And without another word, Edward turned and left.

Esme followed hot on Edward's tracks, probably to make sure he was alright and give him the information we had gathered today about Bella, including her amazing discoveries about our nature, the budding connection with him, and her bond with us.

I wished I could've left myself.

"Let me guess? You are all supportive and happy to allow this madness. Am I right?" Rose snorted, her sarcasm in full bloom.

I was going to beat the snot out of her prissy...

"Alice," Jasper warned.

Ugh.

"We are, Rosalie. Nothing has changed from our previous discussion regarding the future of Isabella Swan and this family. The _fact_ that she is Edward's mate changes nothing, because Rosalie, make no mistake, it _is_ a confirmed fact. Am I making myself clear?" Carlisle said, obviously referring to the first "Swan Summitt."

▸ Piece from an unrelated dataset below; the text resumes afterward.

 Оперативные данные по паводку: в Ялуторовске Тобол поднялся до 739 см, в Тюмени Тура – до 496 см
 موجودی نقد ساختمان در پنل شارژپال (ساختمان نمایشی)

At first, his tone of voice was typical Carlisle, calm and decisive.

By the end though, his tone morphed into a voice that left no doubt as to how Carlisle was able to gain the respect of the Volturi, decline their "invitation" to join them without losing his head, and build the life he led. It was too easy to forget that, underneath the peaceful leader, there was a man willing to defend his beliefs by any means necessary. It was too easy to forget because Carlisle always began with peace. Dr. Cullen, however, had the scars to show for a life lived against the current and for the most part, alone.

"And how is that a fact? How do we know that Edward isn't making all this up?" Rosalie questioned, obviously reaching for straws. She _knew_ what Edward felt this morning because Jazzy emotion-sploded and we all shared in the awesomeness.

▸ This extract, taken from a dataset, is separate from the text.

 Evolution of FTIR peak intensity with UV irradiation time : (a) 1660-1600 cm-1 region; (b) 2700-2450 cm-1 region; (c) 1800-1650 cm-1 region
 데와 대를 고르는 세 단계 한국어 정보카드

"Actually, Rosalie, we have just come from visiting Bella. We had a open discussion with her and she confirmed it all. Their bond is well underway. Anything else?" Carlisle nonchalantly informed her, moving towards his study and loosening his tie, like he did every day.

Like he hadn't just dropped a Rose-targeted missile of information.

"You spoke with her? About _mating_?" she gasped.

"Did I stutter? I do not believe I did. Did I?" he asked us.

Anybody with a brain should have been able to tell that when the vamp-daddy-O resorted to sarcasm and rhetorical questions, it was a clear sign that you had _not_ _only_ trespassed, you were likely standing in the middle of a freaking minefield.

Eyes wide, Jazz, Emmett, and I obliged him with a shake of the head.

No, Carlisle Cullen. You did _not_ stutter.

From across the room, I heard Emmett gulp.

Carlisle's eyes narrowed in Rose's direction.

After a breathless moment, he stated, "Esme and I had a lengthy discussion with Bella about mating and what it means for our kind. Oh, and if anybody has _any_ questions about _my_ private conversation with Bella this morning at the hospital, where she cleverly discerned our _true_ nature _without_ my prompting, I shall be available in my study. For civilized discussion only."

Oy! Carlisle was not a happy vampire. That last bit about civilized discussion was a zinger with Rose's name on the gift tag. We all instinctively lowered our heads and averted our gaze away from our leader as he began to make his way to his study.

Well, all except Rosalie Lillian Hale who, like always, was just freaking unable to help herself.

"Are you out of mind?" Rosalie screeched back at Carlisle.

He immediately stopped walking and pivoted toward her psycho ass.

Carlisle never moved like that.

A glide and a slither.

Something not human.

It was the beast that lived within all of us but he, out of all the vampires _on_ _earth_, had the tightest lid on. Even Jasper, who knew better than anyone what Carlisle was feeling and the degree of control he had over his nature, reacted instinctively to the sudden appearance of that beast and tensed from head to toe.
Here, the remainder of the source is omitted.